* _What the task asks_
Reproduce the whole listing word for word. Leave every image out.
╭─ The data
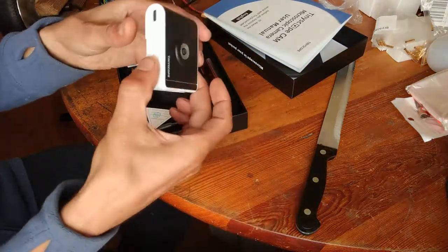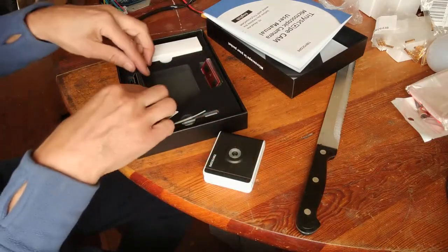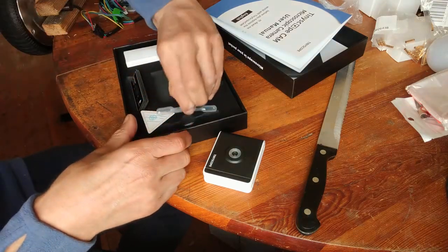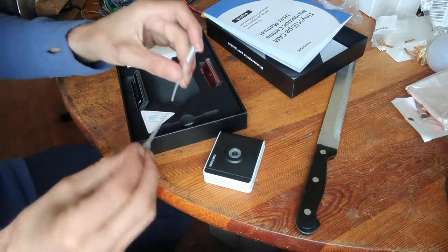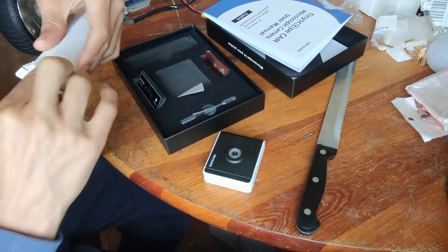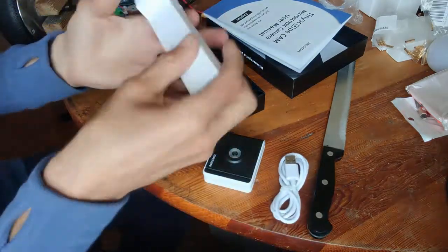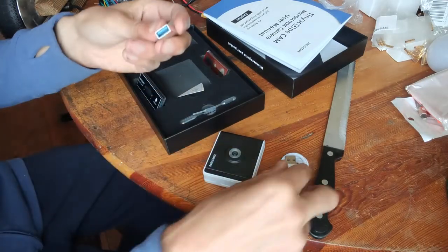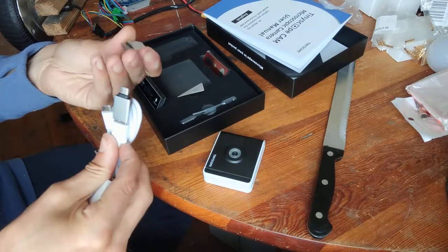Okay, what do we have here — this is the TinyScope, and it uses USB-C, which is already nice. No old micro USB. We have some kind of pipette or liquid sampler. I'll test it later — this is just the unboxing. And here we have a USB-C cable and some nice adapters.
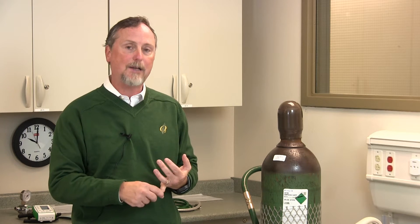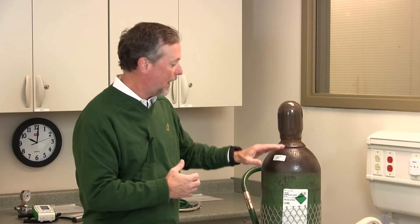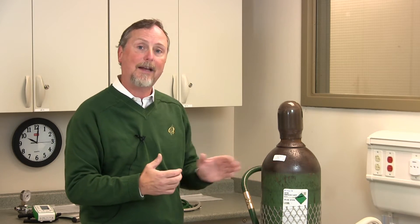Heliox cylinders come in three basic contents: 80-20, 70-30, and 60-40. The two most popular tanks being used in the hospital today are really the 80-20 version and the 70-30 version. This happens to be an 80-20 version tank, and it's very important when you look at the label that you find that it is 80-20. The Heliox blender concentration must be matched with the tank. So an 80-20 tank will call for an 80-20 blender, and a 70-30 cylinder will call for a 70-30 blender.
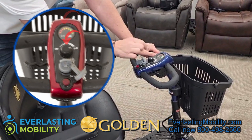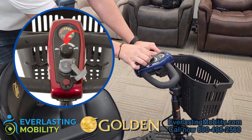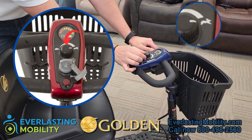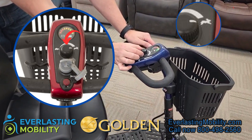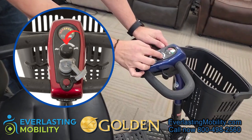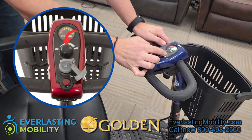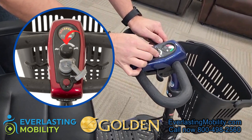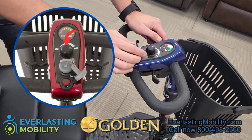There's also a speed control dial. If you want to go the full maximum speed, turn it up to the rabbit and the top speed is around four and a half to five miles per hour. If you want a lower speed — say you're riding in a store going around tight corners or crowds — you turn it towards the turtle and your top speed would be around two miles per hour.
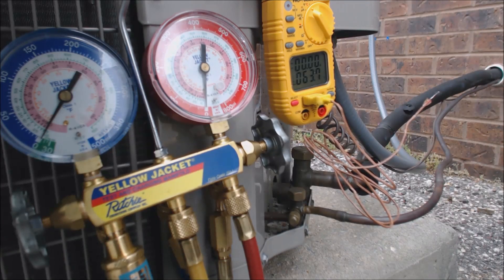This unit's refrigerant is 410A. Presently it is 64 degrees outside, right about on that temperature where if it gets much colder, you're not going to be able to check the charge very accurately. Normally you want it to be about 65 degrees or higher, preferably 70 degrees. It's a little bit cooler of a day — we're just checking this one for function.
╰─
* _Answer to the problem_
Okay, what do we have here — this is the TinyScope, and it uses USB-C, which is already nice. No old micro USB. We have some kind of pipette or liquid sampler. I'll test it later — this is just the unboxing. And here we have a USB-C cable and some nice adapters.
Heliox cylinders come in three basic contents: 80-20, 70-30, and 60-40. The two most popular tanks being used in the hospital today are really the 80-20 version and the 70-30 version. This happens to be an 80-20 version tank, and it's very important when you look at the label that you find that it is 80-20. The Heliox blender concentration must be matched with the tank. So an 80-20 tank will call for an 80-20 blender, and a 70-30 cylinder will call for a 70-30 blender.
There's also a speed control dial. If you want to go the full maximum speed, turn it up to the rabbit and the top speed is around four and a half to five miles per hour. If you want a lower speed — say you're riding in a store going around tight corners or crowds — you turn it towards the turtle and your top speed would be around two miles per hour.
This unit's refrigerant is 410A. Presently it is 64 degrees outside, right about on that temperature where if it gets much colder, you're not going to be able to check the charge very accurately. Normally you want it to be about 65 degrees or higher, preferably 70 degrees. It's a little bit cooler of a day — we're just checking this one for function.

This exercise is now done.